Infinite Life at the National Theatre review: Annie Baker's new play is exquisitely acted and intensely humane

American playwright Annie Baker's fourth show at the National is about the way we seek connection and meaning
Marc Brenner
Nick Curtis @nickcurtis1 December 2023

In the latest of American playwright Annie Baker’s intensely humane and minutely observed situation dramas, we gain insights into the lives of five women undergoing fasting cures for cancer, Lyme’s Disease and chronic pain at a dodgy California spa.

James Macdonald’s understated production is exquisitely acted and contains a late contender for the year’s best line. Nelson, the only male patient, shows main character Sofi a photo from his colonoscopy with the words: “That’s my rectosigmoid junction.”

Mostly, though, it’s all about the women, who differ in age, ethnicity and life experience but come, by increments, to a comfortable accord.
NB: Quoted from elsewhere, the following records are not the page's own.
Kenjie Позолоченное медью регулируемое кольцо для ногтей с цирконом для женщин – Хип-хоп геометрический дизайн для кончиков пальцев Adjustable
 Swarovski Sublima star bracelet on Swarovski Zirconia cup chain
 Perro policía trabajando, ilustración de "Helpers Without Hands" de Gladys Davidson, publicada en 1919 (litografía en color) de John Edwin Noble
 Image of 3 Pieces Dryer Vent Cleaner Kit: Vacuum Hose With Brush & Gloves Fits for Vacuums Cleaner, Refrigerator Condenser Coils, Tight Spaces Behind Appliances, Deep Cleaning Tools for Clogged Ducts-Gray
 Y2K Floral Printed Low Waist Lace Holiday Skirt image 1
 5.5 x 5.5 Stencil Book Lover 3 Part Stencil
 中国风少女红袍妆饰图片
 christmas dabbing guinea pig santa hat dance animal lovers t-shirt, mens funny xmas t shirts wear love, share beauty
Sofi (Christina Kirk) is the youngest at 47 and the newest of the current inmates: we first see her interacting reluctantly with the oldest, Eileen (Marylouise Burke, wonderful), on a row of backyard sunloungers that cruelly overlook a bakery.

Sofi also resists nosy overtures from Elaine (Brenda Pressley) and Ginnie (Kristine Nielsen), but then Kirk steps out of character, announces that 20 minutes have passed, and we’re plunged into the middle of a conversation in which Ginnie is pronouncing on the number of sphincters in the body.

Another jump forward, of five hours, and Yvette (Mia Katigbak) is expounding her horrific medical history and talking about her second cousin, who “narrates pornography for blind people”.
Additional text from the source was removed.